# The Lane Table algorithm

For some time now I’ve been interested in better ways to construct LR(1) parsers. LALRPOP currently allows users to choose between the full LR(1) algorithm or the LALR(1) subset. Neither of these choices is very satisfying:

- the full LR(1) algorithm gives pretty intuitive results but produces
a lot of states; my hypothesis was that, with modern computers, this
wouldn’t matter anymore. This is sort of true – e.g., I’m able to
generate and process even the full Rust grammar – but this
results in a
**ton**of generated code. - the LALR(1) subset often works but sometimes mysteriously fails with indecipherable errors. This is because it is basically a hack that conflates states in the parsing table according to a heuristic; when this heuristic fails, you get strange results.

The Lane Table algorithm published by Pager and Chen at APPLC
‘12 offers an interesting alternative. It is an alternative to earlier
work by Pager, the “lane tracing” algorithm and practical general
method. In any case, the goal is to generate an LALR(1) state machine
*when possible* and gracefully scale up to the full LR(1) state
machine *as needed*.

I found the approach appealing, as it seemed fairly simple, and also seemed to match what I would try to do intuitively. I’ve been experimenting with the Lane Table algorithm in LALRPOP and I now have a simple prototype that seems to work. Implementing it required that I cover various cases that the paper left implicit, and the aim of this blog post is to describe what I’ve done so far. I do not claim that this description is what the authors originally intended; for all I know, it has some bugs, and I certainly think it can be made more efficient.

My explanation is intended to be widely readable, though I do assume some familiarity with the basic workings of an LR-parser (i.e., that we shift states onto a stack, execute reductions, etc).
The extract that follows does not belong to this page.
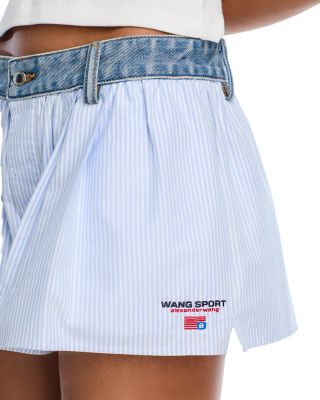 Denim Waistband Shorts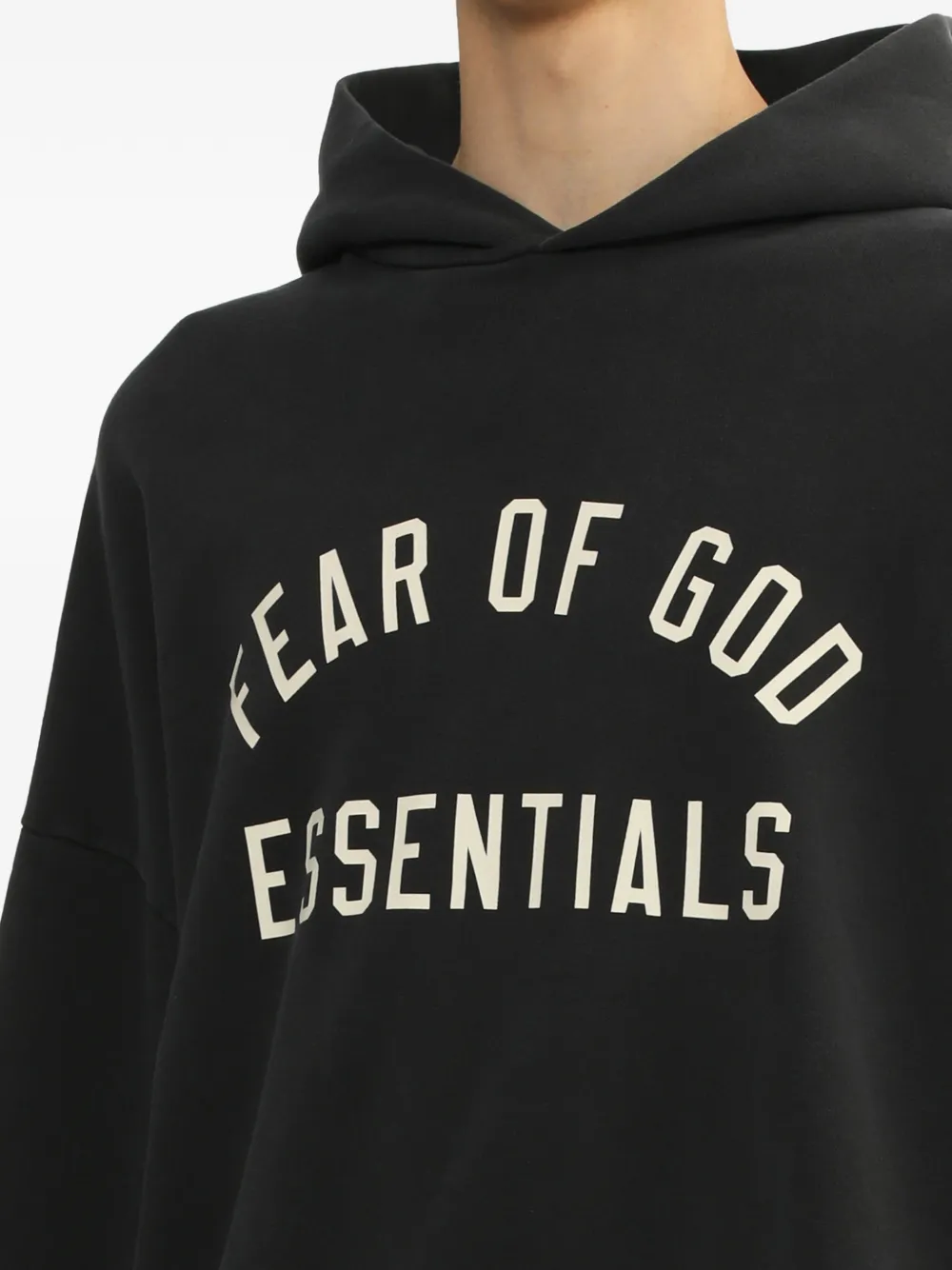 FEAR OF GOD ESSENTIALS Hoodie met logo Zwart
But I’ll review the bits of table construction that you need.

### First example grammar: G0

To explain the algorithm, I’m going to walk through two example grammars. The first I call G0 – it is a reduced version of what the paper calls G1. It is interesting because it does not require splitting any states, and so we wind up with the same number of states as in LR(0). Put another way, it is an LALR(1) grammar.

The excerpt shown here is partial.